We use that format name to dynamically figure out what code to invoke, that code is “in charge” of reading the data and sometimes turning that data into other kinds of formats. It’s basically a technical detail which lets us convert data on the fly between methods (super handy for bioinformatics).

But in order to do that, we need a starting point, which is what the import command is for. It gives QIIME 2 something to start with and it can work out the rest of the rest of the details from there.

In your particular case, you are giving QIIME 2 the format ZooPooSingleLanePerSampleDirFmt. It then goes searching for some code to understand this format, but it can’t find any.

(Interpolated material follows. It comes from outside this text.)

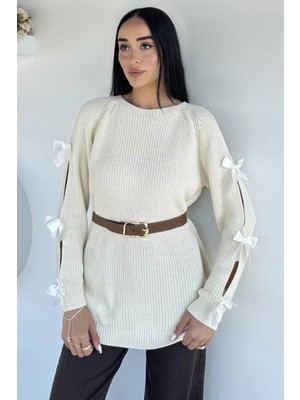 Gülseli Kadın Fiyonk Detaylı Triko Bluz P-00022915
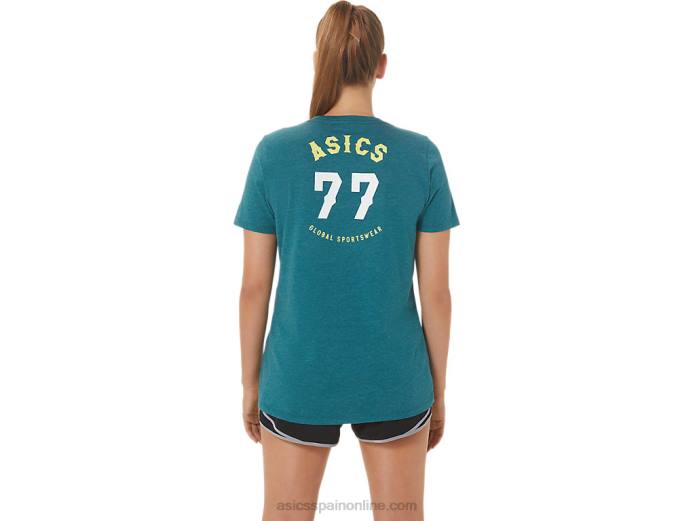 1977 heritage americana de mujer con cuello en v Asics 4L682753 brezo de pino de terciopelo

I think what you want is CasavaOneEightSingleLanePerSampleDirFmt which is a particular naming scheme for fastq files produced by Illumina instruments (more specifically the Casava 1.8 software package by Illumina).

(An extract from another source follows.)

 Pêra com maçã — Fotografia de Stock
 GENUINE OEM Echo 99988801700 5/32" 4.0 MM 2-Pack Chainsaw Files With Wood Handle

If that doesn’t sound right, could you provide an ls of the zoo-poo directory? I should be able to figure out your best import strategy from that.

Thanks!

1 Like

Ahhhhh. Now I understand the point of importing. As far as the format goes and what you mentioned, I was working under the notion that CasavaOneEightSingleLanePerSampleDirFmt was a naming scheme that I could modify to better suit the naming of my data. I have an ls of the zoo-poo below:

(qiime2-2017.12) [email protected]:~/zoo-samples$ cd zoo-poo
(qiime2-2017.12) [email protected]:~/zoo-samples/zoo-poo$ ls
RID230Blank_S121_L001_R1_001.fastq.gz
RID230Blank_S121_L001_R2_001.fastq.gz
VanLaarA07_S116_L001_R1_001.fastq.gz
VanLaarA07_S116_L001_R2_001.fastq.gz
VanLaarB01_S95_L001_R1_001.fastq.gz
VanLaarB01_S95_L001_R2_001.fastq.gz
VanLaarC02_S100_L001_R1_001.fastq.gz
VanLaarC02_S100_L001_R2_001.fastq.gz
VanLaarC03_S104_L001_R1_001.fastq.gz
VanLaarC03_S104_L001_R2_001.fastq.gz
VanLaarC07_S117_L001_R1_001.fastq.gz
VanLaarC07_S117_L001_R2_001.fastq.gz
VanLaarC09_S120_L001_R1_001.fastq.gz
VanLaarC09_S120_L001_R2_001.fastq.gz
VanLaarE01_S97_L001_R1_001.fastq.gz
VanLaarE01_S97_L001_R2_001.fastq.gz
VanLaarE02_S101_L001_R1_001.fastq.gz
VanLaarE02_S101_L001_R2_001.fastq.gz
VanLaarE04_S107_L001_R1_001.fastq.gz
VanLaarE04_S107_L001_R2_001.fastq.gz
VanLaarE06_S114_L001_R1_001.fastq.gz
VanLaarG01_S98_L001_R1_001.fastq.gz
VanLaarG01_S98_L001_R2_001.fastq.gz
VanLaarG02_S102_L001_R1_001.fastq.gz
VanLaarG02_S102_L001_R2_001.fastq.gz
VanLaarG03_S105_L001_R1_001.fastq.gz
VanLaarG03_S105_L001_R2_001.fastq.gz
VanLaarG04_S108_L001_R1_001.fastq.gz
VanLaarG04_S108_L001_R2_001.fastq.gz
VanLaarG05_S111_L001_R1_001.fastq.gz
VanLaarG05_S111_L001_R2_001.fastq.gz
VanLaarG06_S115_L001_R1_001.fastq.gz
VanLaarG06_S115_L001_R2_001.fastq.gz
VanLaarG08_S118_L001_R1_001.fastq.gz
VanLaarG08_S118_L001_R2_001.fastq.gz
Zymov4SDSBd12_S12_L001_R1_001.fastq.gz
Zymov4SDSBd12_S12_L001_R2_001.fastq.gz

Hi @manpflo615! It looks like your paired-end data match the Casava 1.8 naming conventions that @ebolyen mentioned, so you should be able to import the zoo-poo directory using the CasavaOneEightSingleLanePerSampleDirFmt format (see this section of the importing tutorial for examples).

2 Likes

Hi @jairideout! I noticed the naming of the data had an ‘S’ in the barcode sequence identifier so I removed that ‘S’ and those files were then imported. Before, those files were not importing.

1 Like

This topic was automatically closed 31 days after the last reply. New replies are no longer allowed.